* Activity
Could you copy exactly the lines below, beginning at the line with "Similarly, the number" and stopping after the line with "The next section", with no pictures?

* Source information
┄┄┄┄┄┄┄┄┄┄┄┄┄┄┄┄┄┄┄┄
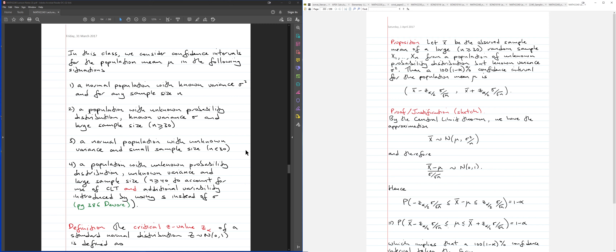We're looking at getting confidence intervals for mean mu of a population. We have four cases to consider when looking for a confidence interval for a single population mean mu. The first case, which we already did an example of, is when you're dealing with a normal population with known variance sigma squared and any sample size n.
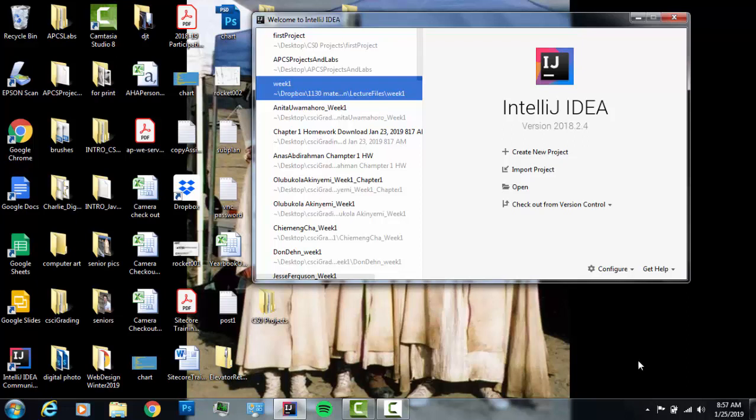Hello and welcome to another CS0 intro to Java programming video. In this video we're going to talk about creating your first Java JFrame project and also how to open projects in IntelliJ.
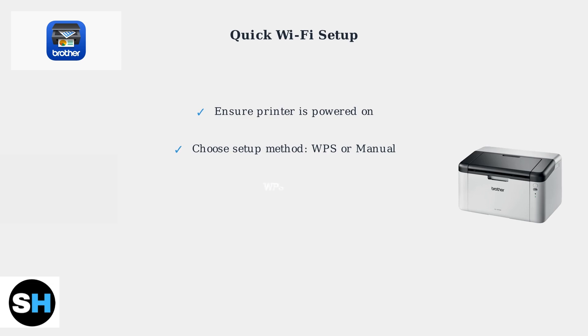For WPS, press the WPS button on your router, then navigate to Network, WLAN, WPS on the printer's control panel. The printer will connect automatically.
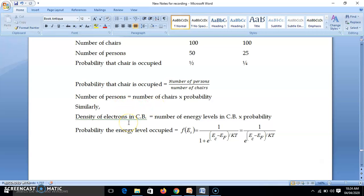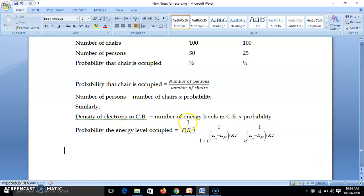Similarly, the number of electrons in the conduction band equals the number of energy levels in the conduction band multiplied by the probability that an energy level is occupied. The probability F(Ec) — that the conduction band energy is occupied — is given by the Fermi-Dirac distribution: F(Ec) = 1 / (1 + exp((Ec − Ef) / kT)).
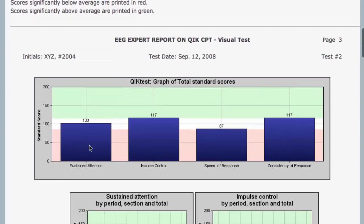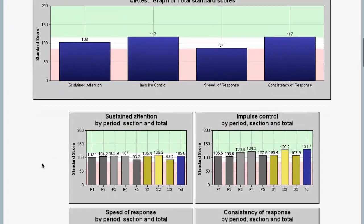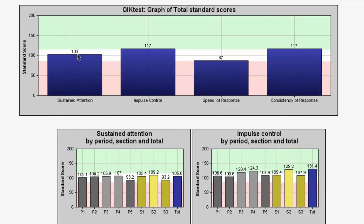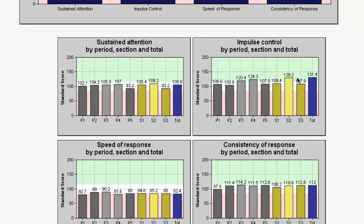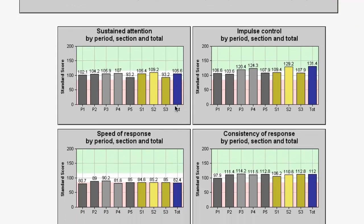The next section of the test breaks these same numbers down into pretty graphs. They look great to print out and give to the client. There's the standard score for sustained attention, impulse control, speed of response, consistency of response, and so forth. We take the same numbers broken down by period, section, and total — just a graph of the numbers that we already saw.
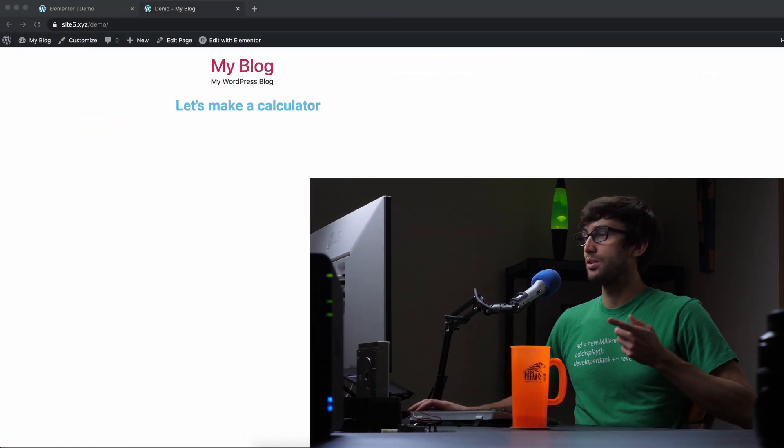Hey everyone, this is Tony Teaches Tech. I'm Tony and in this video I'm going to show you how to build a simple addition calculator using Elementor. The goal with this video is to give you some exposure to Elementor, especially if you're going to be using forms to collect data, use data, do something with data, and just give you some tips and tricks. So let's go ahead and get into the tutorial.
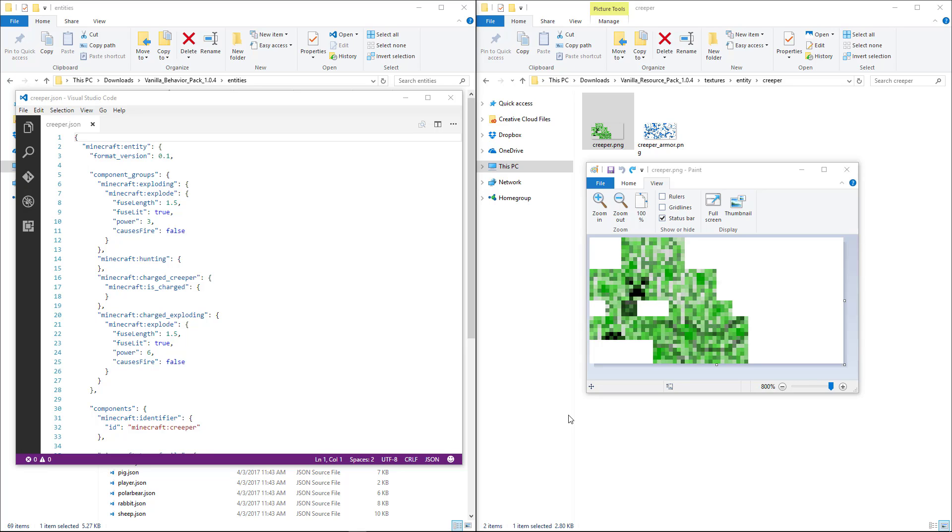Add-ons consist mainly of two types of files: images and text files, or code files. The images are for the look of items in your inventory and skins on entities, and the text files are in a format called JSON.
┄┄┄┄┄┄┄┄┄┄┄┄┄┄┄┄┄┄┄┄
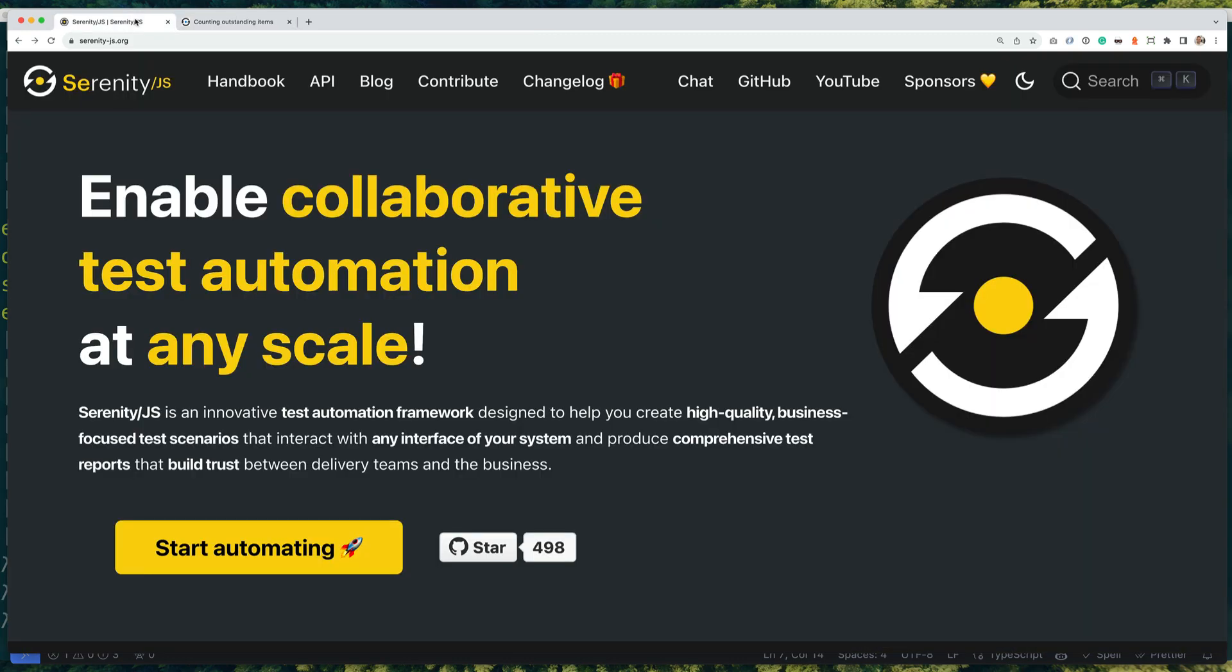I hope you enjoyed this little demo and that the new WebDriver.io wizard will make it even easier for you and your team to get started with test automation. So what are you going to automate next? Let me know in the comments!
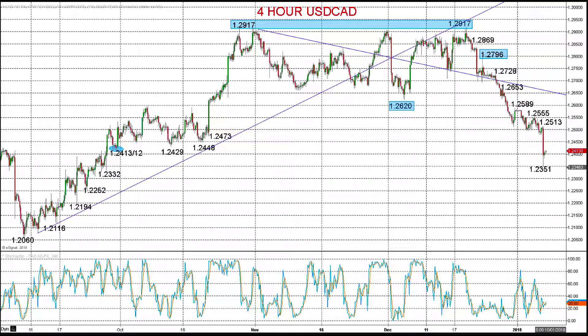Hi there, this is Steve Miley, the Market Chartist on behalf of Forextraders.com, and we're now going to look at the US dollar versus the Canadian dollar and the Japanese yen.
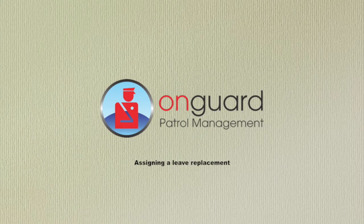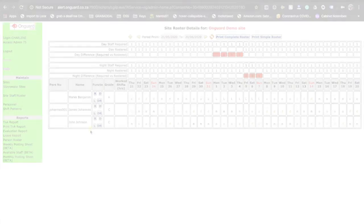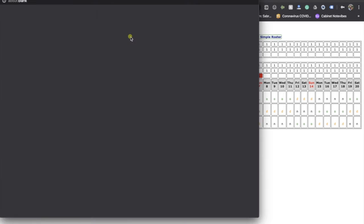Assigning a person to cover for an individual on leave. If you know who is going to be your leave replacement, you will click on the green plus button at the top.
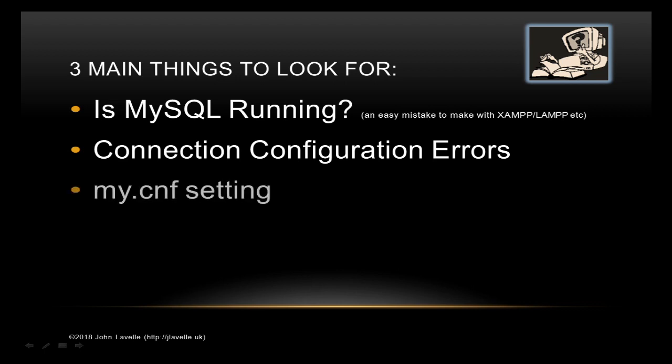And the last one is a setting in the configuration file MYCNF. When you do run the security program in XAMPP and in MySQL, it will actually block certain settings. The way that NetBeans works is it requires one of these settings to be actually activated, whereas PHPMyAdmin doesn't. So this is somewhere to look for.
┄┄┄┄┄┄┄┄┄┄┄┄┄┄┄┄┄┄┄┄
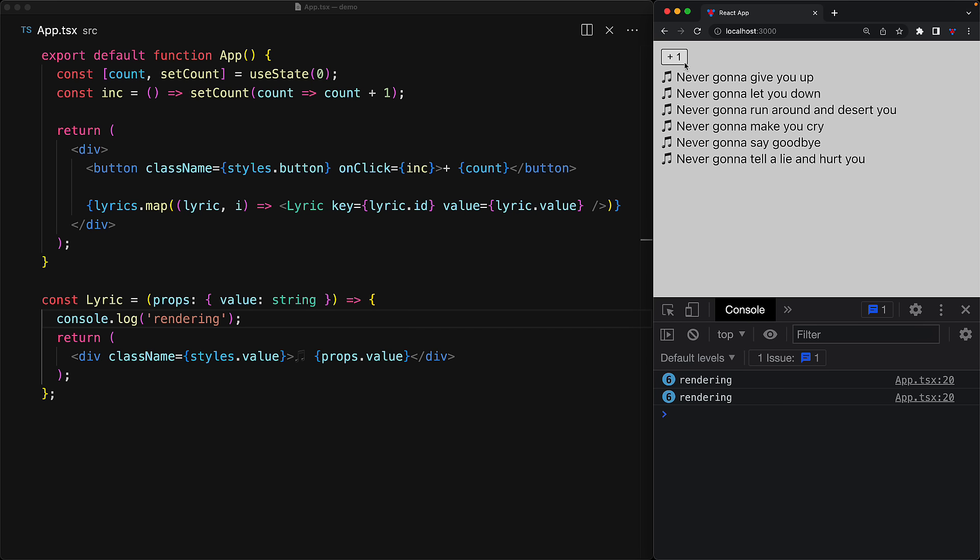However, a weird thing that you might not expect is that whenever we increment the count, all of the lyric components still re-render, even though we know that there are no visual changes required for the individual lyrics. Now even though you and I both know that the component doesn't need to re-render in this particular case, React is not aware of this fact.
┄┄┄┄┄┄┄┄┄┄┄┄┄┄┄┄┄┄┄┄
* Answer box
Similarly, the number of electrons in the conduction band equals the number of energy levels in the conduction band multiplied by the probability that an energy level is occupied. The probability F(Ec) — that the conduction band energy is occupied — is given by the Fermi-Dirac distribution: F(Ec) = 1 / (1 + exp((Ec − Ef) / kT)).
The next section of the test breaks these same numbers down into pretty graphs. They look great to print out and give to the client. There's the standard score for sustained attention, impulse control, speed of response, consistency of response, and so forth. We take the same numbers broken down by period, section, and total — just a graph of the numbers that we already saw.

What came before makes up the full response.